Short web captions:
- Opening Delimiter -
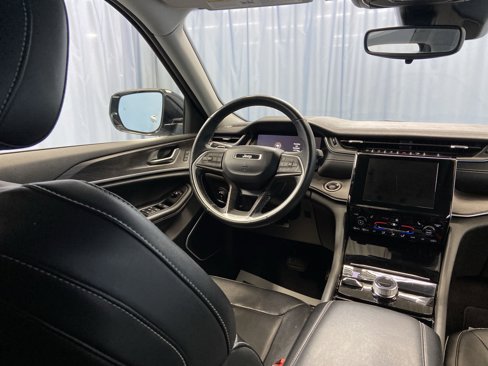 Certified 2021 Jeep Grand Cherokee L Limited image 46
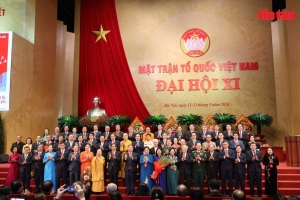 Đoàn Chủ tịch Ủy ban Trung ương Mặt trận Tổ quốc Việt Nam khóa XI ra mắt Đại hội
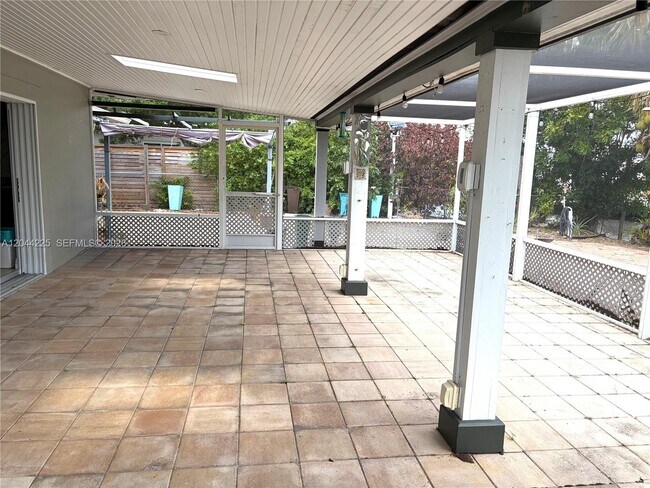 Building Photo - 4348 S Atlantic Cir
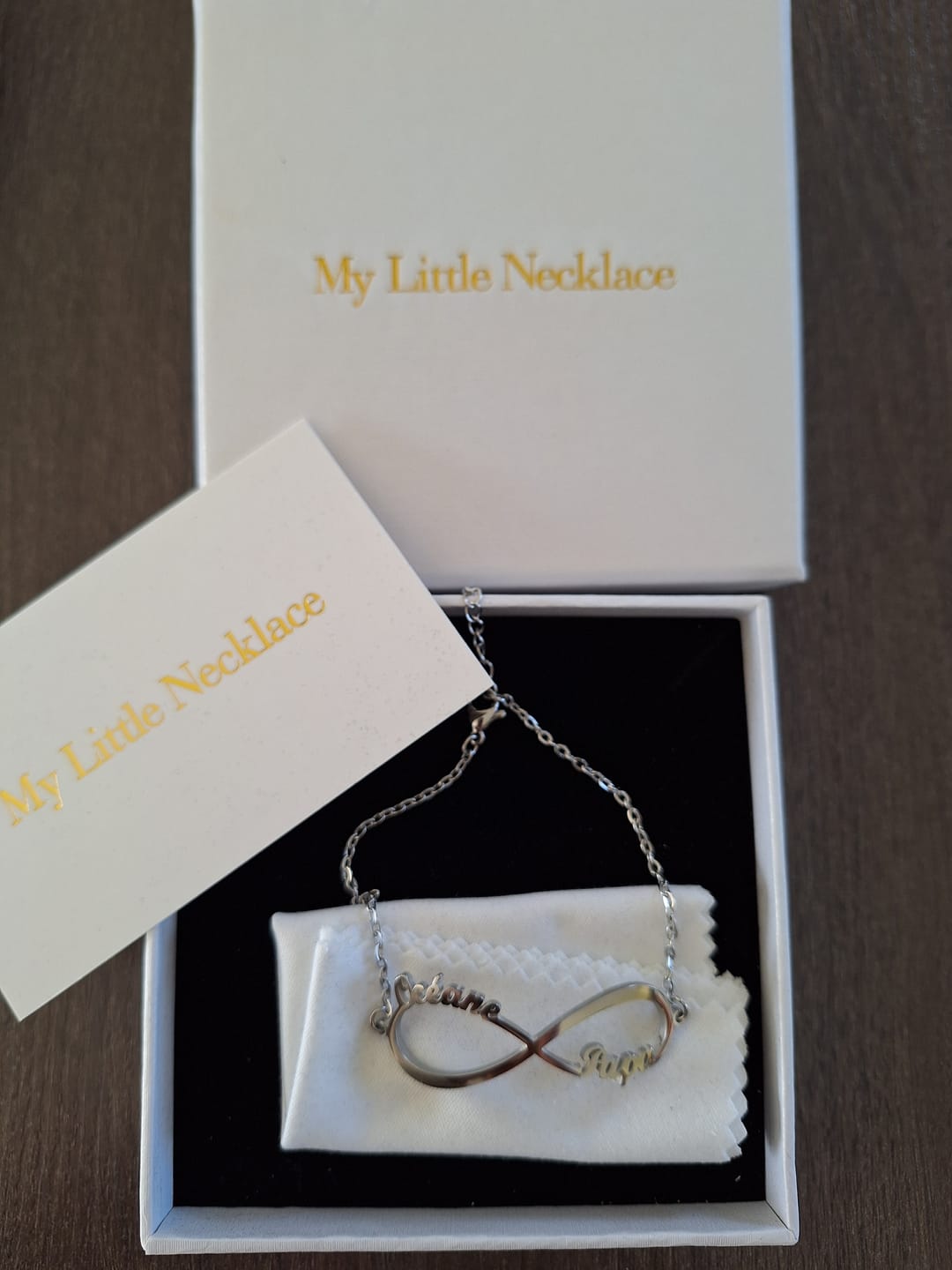 Customer photo review of Bracelet Infini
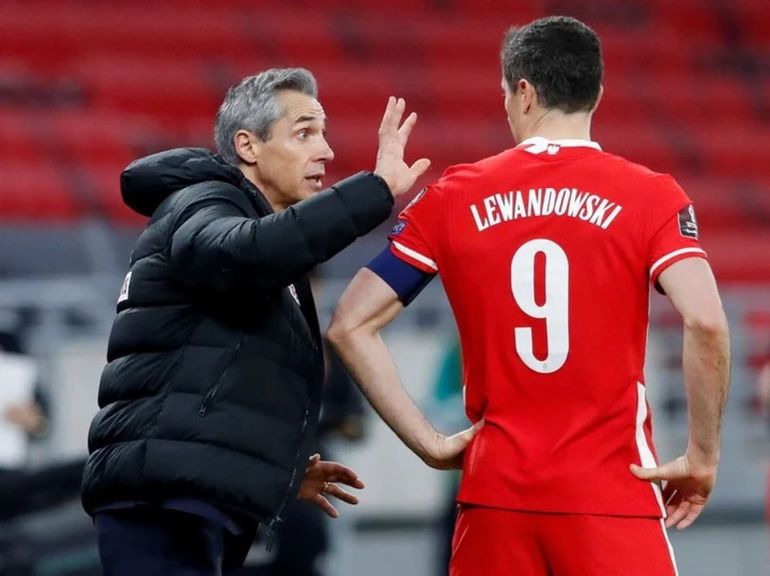 Separación. Lewandowski junto al extécnico de su selección, Paulo Sousa, que lo dejó para ir a dirigir a Flamengo. Polonia enfrentará a Argentina en la tercera fecha.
- Closing Delimiter -
- [ASSIGNMENT]:
Starting at the line that contains "Building Photo - 4348 S Atlantic Cir", output every line through the end of the data, both ends included, and nothing else; pictures stay out.

- [RESPONSE BOX]:
 Building Photo - 4348 S Atlantic Cir
 Customer photo review of Bracelet Infini
 Separación. Lewandowski junto al extécnico de su selección, Paulo Sousa, que lo dejó para ir a dirigir a Flamengo. Polonia enfrentará a Argentina en la tercera fecha.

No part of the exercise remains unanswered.